La voglia di rivalsa e la perseveranza nella riabilitazione permettono a Mudiay di tornare in campo a marzo durante i Playoff. I Tigers però non navigano in buone acque. Hanno perso le prime due sfide della serie al meglio delle cinque contro i rivali del Beiing Ducks, guidati dall’ex NBA Stephon Marbury. Mudiay non è al 100% della condizione ma è pronto a dare il suo contributo per tentare una clamorosa rimonta e scende in campo con grande determinazione. I Tigers portano a casa il match e il tabellino di Emmanuel parla chiaro: 24 punti, 8 rimbalzi e 4 assist.
Purtroppo l’avventura del Guangdong finisce due notti dopo, sconfitti in gara 4 dai futuri campioni nazionali del Beijing. Mudiay però, scegliendo di restare e di lottare fino all’ultimo minuto, si è guadagnato il rispetto della squadra, del coach e dell’ambiente.
UN FUTURO TUTTO DA SCRIVERE
Terminata la stagione in terra cinese, Mudiay torna a casa e si rende eleggibile per il Draft del 2015.
“High risk, high reward” è la frase che maggiormente aleggia attorno il profilo di Emmanuel.
I giudizi degli scout su di lui sono infatti discordanti. Da una parte alcuni affermano che date le caratteristiche tecniche, fisiche e l’indubbia tempra morale, sarebbe folle non puntare su di lui. Dall’altra parte in molti non sono così convinti delle sue qualità: una storia di infortuni e un campionato non allenante come quello cinese non renderebbero Mudiay appetibile come altri prospetti. A prescindere da ogni report, le prime quattro franchigie a dover scegliere (Timberwolves, Lakers, Sixers e Knicks) hanno mostrato grande interesse nei suoi confronti.
Il 25 giugno 2015 al Barclays Center di Brooklyn, New York, è il grande giorno del Draft. Come prevedibile Emmanuel è circondato dalle persone a lui care. L’intera famiglia Mudiay è seduta ad uno dei tavoli sotto il palco, dove solitamente sono disposti i giocatori che con più probabilità verranno scelti nelle prime 15 posizioni. Le prime sei chiamate passano veloci, e poi risuona ancora una volta la voce di Adam Silver:
“With the seventh pick in 2015 NBA Draft, the Denver Nuggets select Emmanuel Mudiay, from Dallas, Texas”
Emmanuel si alza con calma e sorride. Abbraccia immediatamente Theresa, poi è il turno dei due fratelli. L’emozione è sicuramente enorme ma fa di tutto per nasconderla. Rispetto agli altri rookie, Mudiay è vestito in maniera abbastanza sobria (fatta eccezione per una “cravatta” quantomeno rivedibile).
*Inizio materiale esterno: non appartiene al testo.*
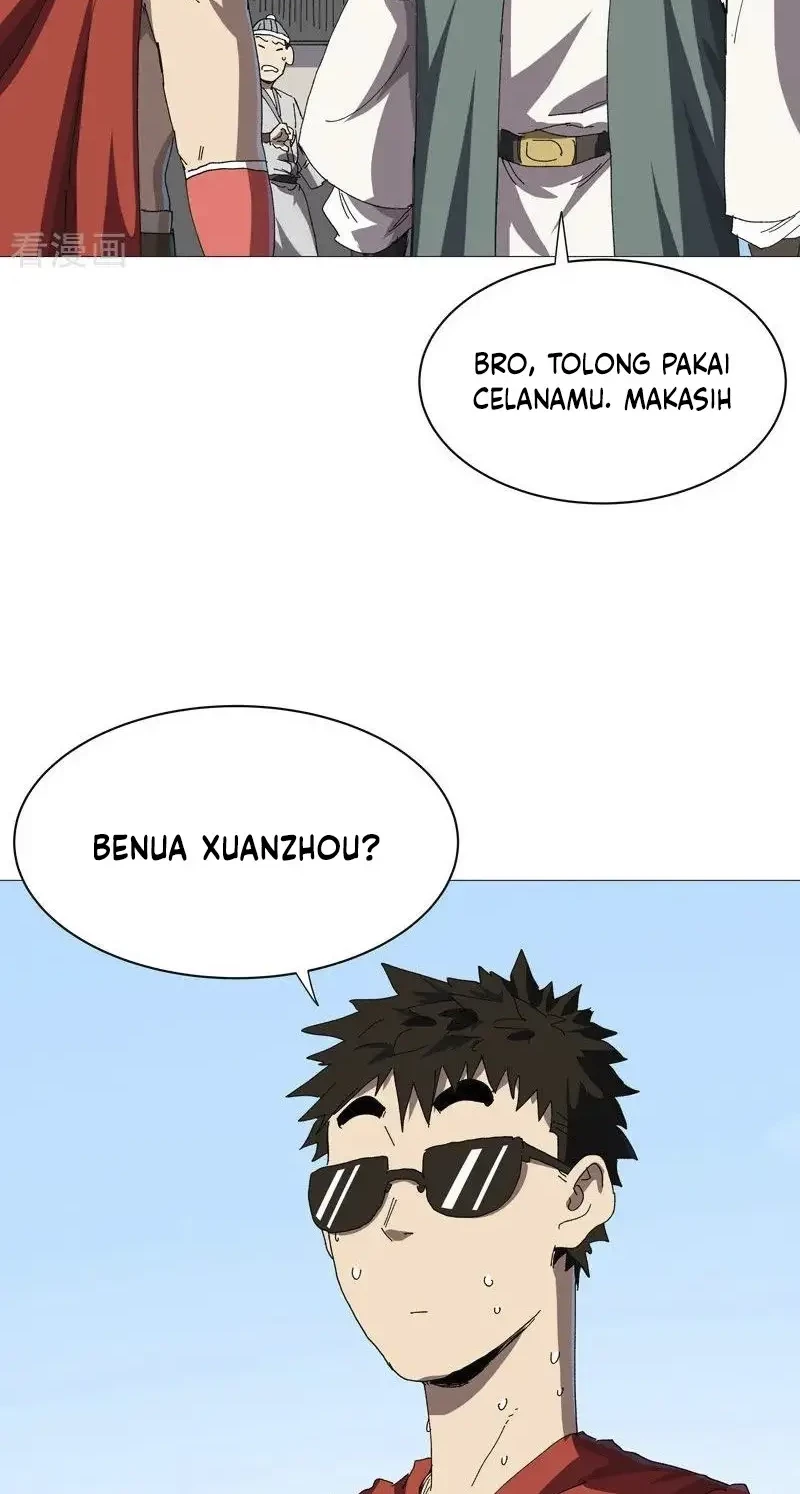 Cultivator Against Hero Society Chapter 238 Gambar 22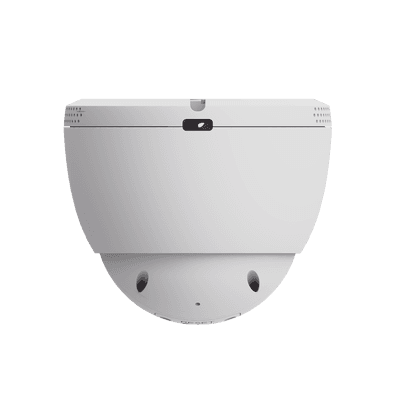 Domo IP 3 Megapíxel (2K) / Wi-Fi / Sirena y Estrobo /Audio de Dos Vías / Detección Humana y Vehiculo / Notificación Push / Audios Personalizables / Ranura Para Memoria hasta 512GB / Uso en Exterior IP67 imagen 4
Emmanuel mette il cappellino dei Nuggets, abbassa la testa e cerca di chiudere il bottone della giacca, riuscendoci dopo diversi tentativi perché le mani tremano troppo. Si avvia verso il palco, sale gli scalini e finalmente si trova faccia a faccia con il Commissioner. Ed è nel momento in cui stringe la mano ad Adam Silver che probabilmente capisce di avercela fatta.
Emmanuel è nato nello Zaire e sopravvissuto in Congo. È scappato negli Stati Uniti ed è diventato uomo in Cina.
Ed alla fine ha realizzato il sogno di una vita a Brooklyn e l’ha fatto esattamente nella maniera che desiderava: circondato dalla sua famiglia, dalle sue radici.